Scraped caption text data
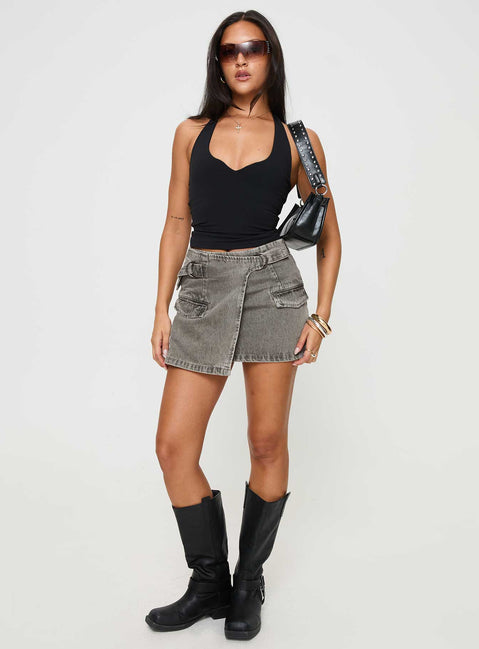   front view of model wearing Princess Polly Bambas Wrap Denim Mini Skirt Washed Green Mini Skirts 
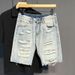 Perforated Denim Light Colored Five Piece Trendy And Versatile, Men's Loose Brimmed Shorts, Horse Beggar P, Summer_mkmklike.com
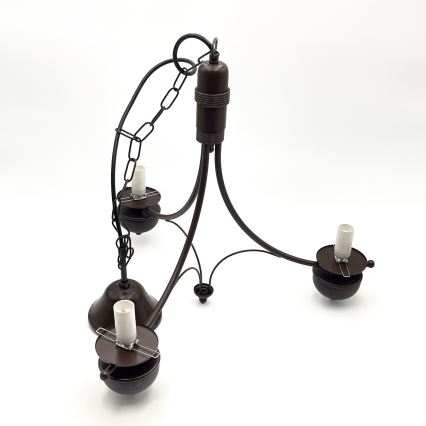 Брілагі - світлодіодна люстра на ланцюгу Котедж 3xE14/40W/230V бук/коричневий/димчато-бежевий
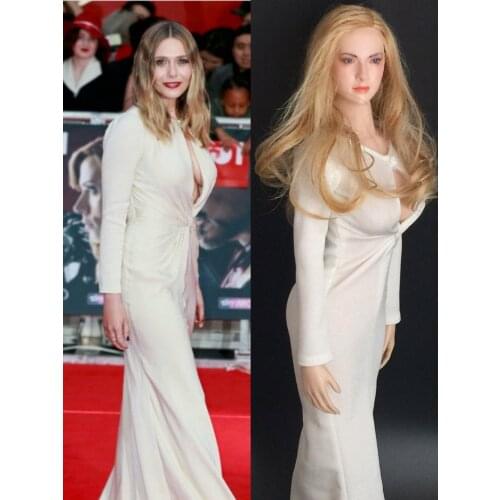 1:6 Sexy Witch Elizabeth Orson open Chest Dress With Golden Necklace Model for 12'' Woman Female Figure Clothes Accessory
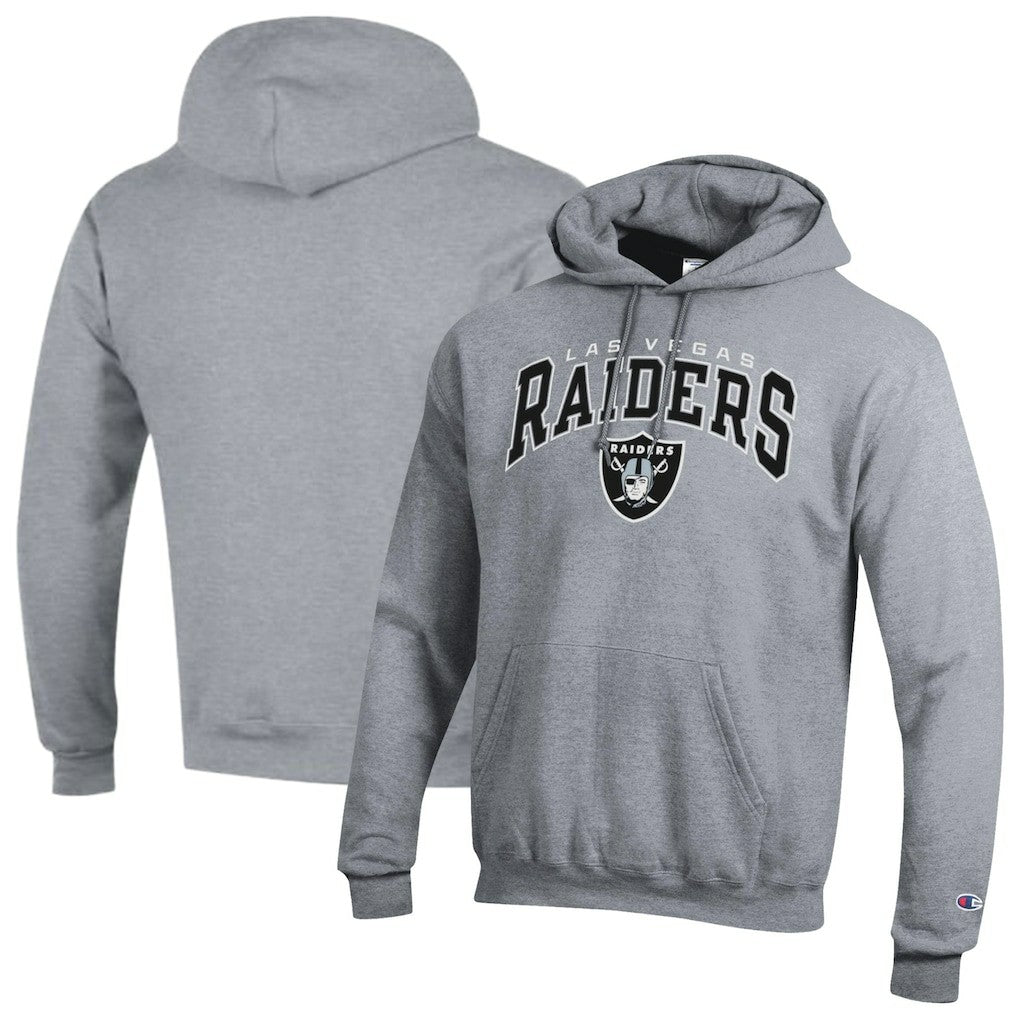Las Vegas Raiders Champion Powerblend Arch over Logo Hoodie - Gray Hoodies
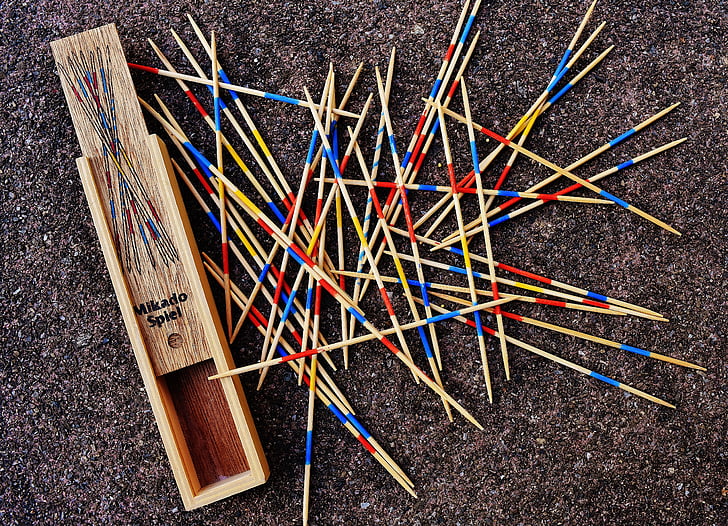 Mikado, juego, rompecabezas, habilidad, colorido, palillos de madera, palillos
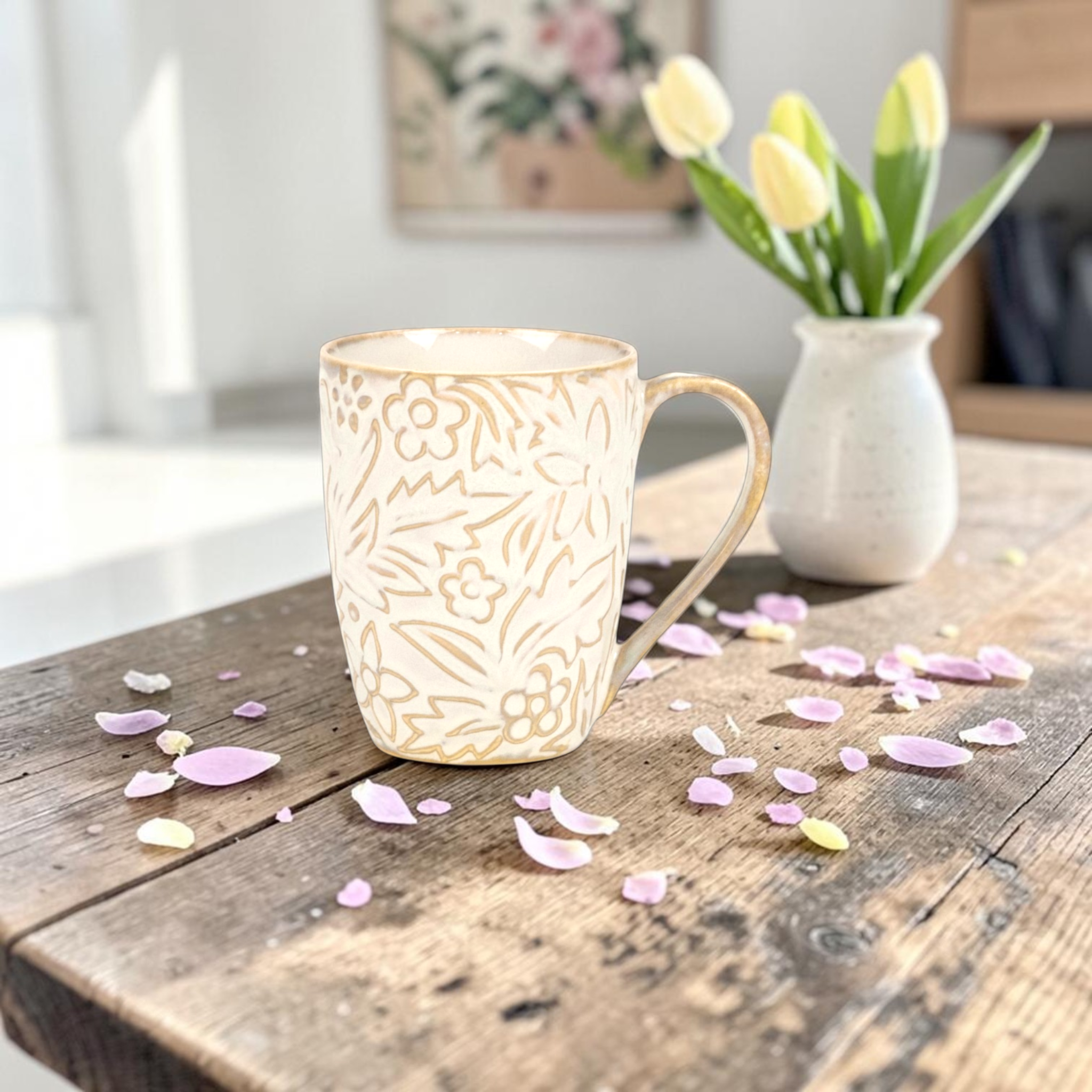 White Embossed Porcelain Mug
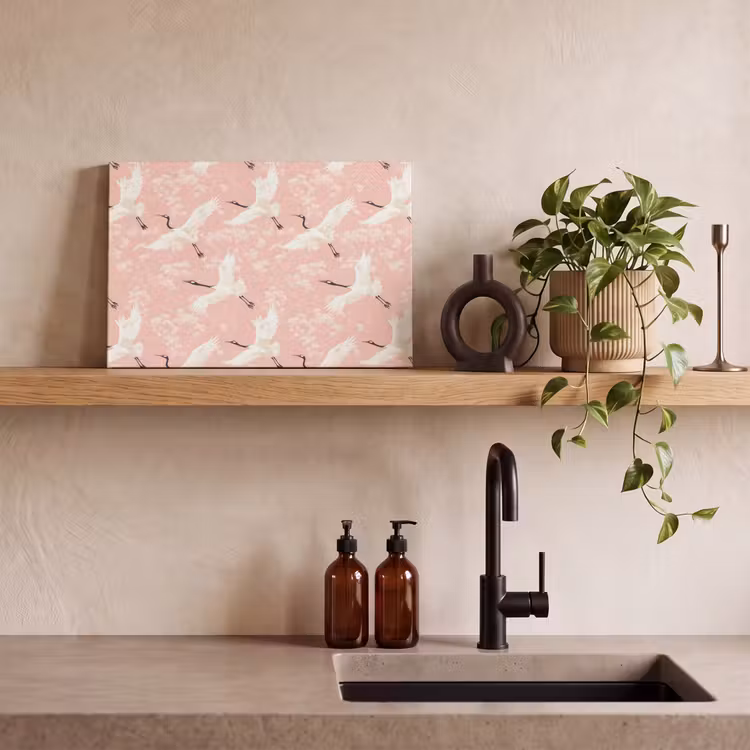 Kraanvogels - Bloesem - Roze canvas 2cm klein 34 -sfeer3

:: Prompt ::
Once more, please print all the lines above exactly, without their pictures.

:: Result ::
   front view of model wearing Princess Polly Bambas Wrap Denim Mini Skirt Washed Green Mini Skirts 
 Perforated Denim Light Colored Five Piece Trendy And Versatile, Men's Loose Brimmed Shorts, Horse Beggar P, Summer_mkmklike.com
 Брілагі - світлодіодна люстра на ланцюгу Котедж 3xE14/40W/230V бук/коричневий/димчато-бежевий
 1:6 Sexy Witch Elizabeth Orson open Chest Dress With Golden Necklace Model for 12'' Woman Female Figure Clothes Accessory
Las Vegas Raiders Champion Powerblend Arch over Logo Hoodie - Gray Hoodies
 Mikado, juego, rompecabezas, habilidad, colorido, palillos de madera, palillos
 White Embossed Porcelain Mug
 Kraanvogels - Bloesem - Roze canvas 2cm klein 34 -sfeer3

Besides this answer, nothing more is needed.